Autre limite : promettre 50 000 volontaires supplémentaires d’ici 2030 suppose de convaincre les employeurs, les communes et les actifs eux-mêmes. Le ministère de l’Intérieur souligne justement que l’engagement bénévole repose sur la disponibilité locale, des conventions avec les employeurs et des indemnités horaires modestes, même si elles sont exonérées d’impôt et de prélèvements sociaux. Sans relais dans les entreprises et les services publics, le recrutement reste un slogan plus qu’un plan.

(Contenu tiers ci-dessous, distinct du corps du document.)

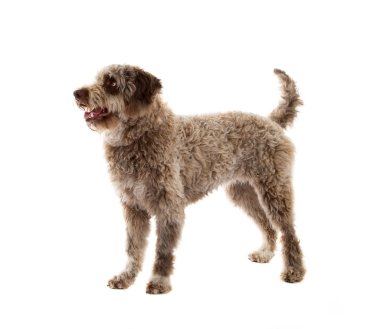 Lagotto romagnolo dog, pure breed isolated on white background clipart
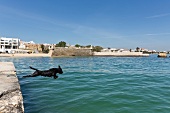 Portugal, Algarve, Wasserhund springt ins Wasser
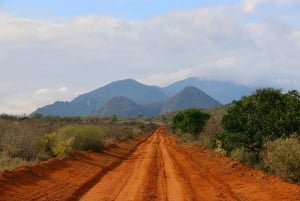 Day tour to Tsavo East National Park from Mombasa or Diani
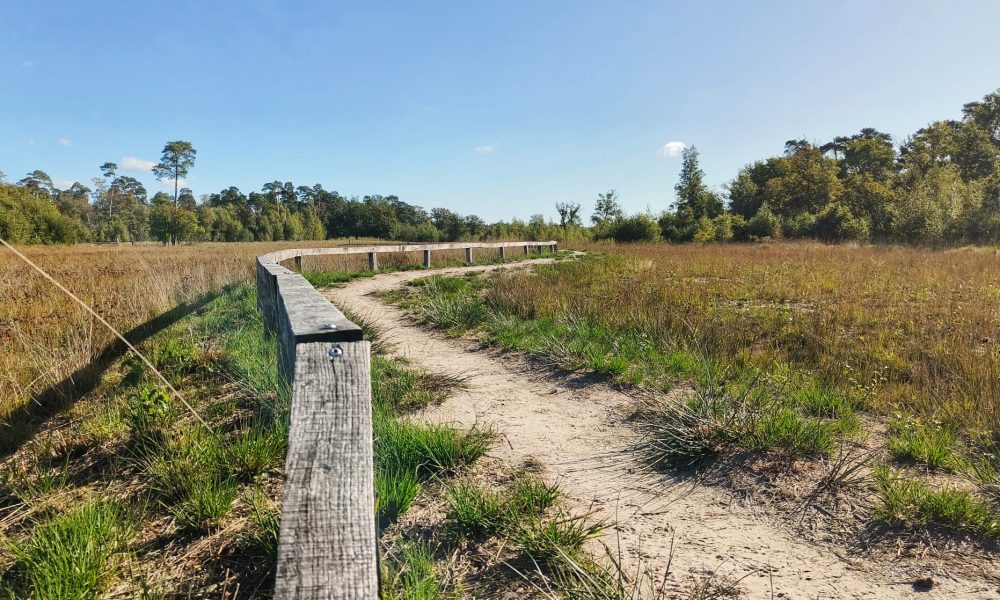wandeling de ronde put mol postel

Sur les moyens aériens, l’idée de renforcer la flotte n’est pas contestée sur le fond. Mais la question est celle du rythme et des arbitrages. L’État dispose déjà de 12 hélicoptères bombardiers d’eau et peut activer la solidarité européenne en cas de besoin. Le cœur du problème n’est donc pas seulement le nombre d’appareils ; c’est la capacité à financer, entretenir et coordonner un outil plus large alors que les incendies deviennent plus fréquents et plus étendus.

Ce qu’il faut surveiller

La suite se jouera à la rentrée, quand les Insoumis doivent détailler leurs mesures. Il faudra alors regarder trois points de près : le chiffrage réel du passage à un milliard d’euros, le mode de financement des SDIS, et la place laissée aux collectivités locales dans une réforme annoncée comme nationale. En parallèle, le budget 2026 de la sécurité civile et les suites du plan sur le volontariat diront si l’exécutif préfère renforcer l’existant plutôt que changer de modèle.